» **WORK INSTRUCTION**: Reproduce the entries exactly, beginning with the line containing "Elegantes formales, schwarzes" and ending with their last line, both included.

Records contained in a dataset:

/---

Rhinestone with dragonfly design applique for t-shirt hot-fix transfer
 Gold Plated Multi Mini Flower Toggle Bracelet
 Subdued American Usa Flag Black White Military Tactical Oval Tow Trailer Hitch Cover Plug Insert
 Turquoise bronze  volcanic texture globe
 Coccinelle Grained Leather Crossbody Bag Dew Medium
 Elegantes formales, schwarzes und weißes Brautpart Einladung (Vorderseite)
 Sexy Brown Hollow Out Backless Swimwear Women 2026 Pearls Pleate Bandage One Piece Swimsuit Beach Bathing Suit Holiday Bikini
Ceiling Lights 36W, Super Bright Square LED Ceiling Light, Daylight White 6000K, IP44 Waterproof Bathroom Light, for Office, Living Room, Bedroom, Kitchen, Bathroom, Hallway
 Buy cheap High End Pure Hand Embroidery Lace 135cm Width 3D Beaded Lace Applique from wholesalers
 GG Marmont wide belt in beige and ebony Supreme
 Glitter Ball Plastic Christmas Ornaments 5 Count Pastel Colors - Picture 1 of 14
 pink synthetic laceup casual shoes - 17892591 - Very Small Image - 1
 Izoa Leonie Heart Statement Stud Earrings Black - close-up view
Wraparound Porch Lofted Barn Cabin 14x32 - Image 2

\---

» **TASK RESULT**:
 Elegantes formales, schwarzes und weißes Brautpart Einladung (Vorderseite)
 Sexy Brown Hollow Out Backless Swimwear Women 2026 Pearls Pleate Bandage One Piece Swimsuit Beach Bathing Suit Holiday Bikini
Ceiling Lights 36W, Super Bright Square LED Ceiling Light, Daylight White 6000K, IP44 Waterproof Bathroom Light, for Office, Living Room, Bedroom, Kitchen, Bathroom, Hallway
 Buy cheap High End Pure Hand Embroidery Lace 135cm Width 3D Beaded Lace Applique from wholesalers
 GG Marmont wide belt in beige and ebony Supreme
 Glitter Ball Plastic Christmas Ornaments 5 Count Pastel Colors - Picture 1 of 14
 pink synthetic laceup casual shoes - 17892591 - Very Small Image - 1
 Izoa Leonie Heart Statement Stud Earrings Black - close-up view
Wraparound Porch Lofted Barn Cabin 14x32 - Image 2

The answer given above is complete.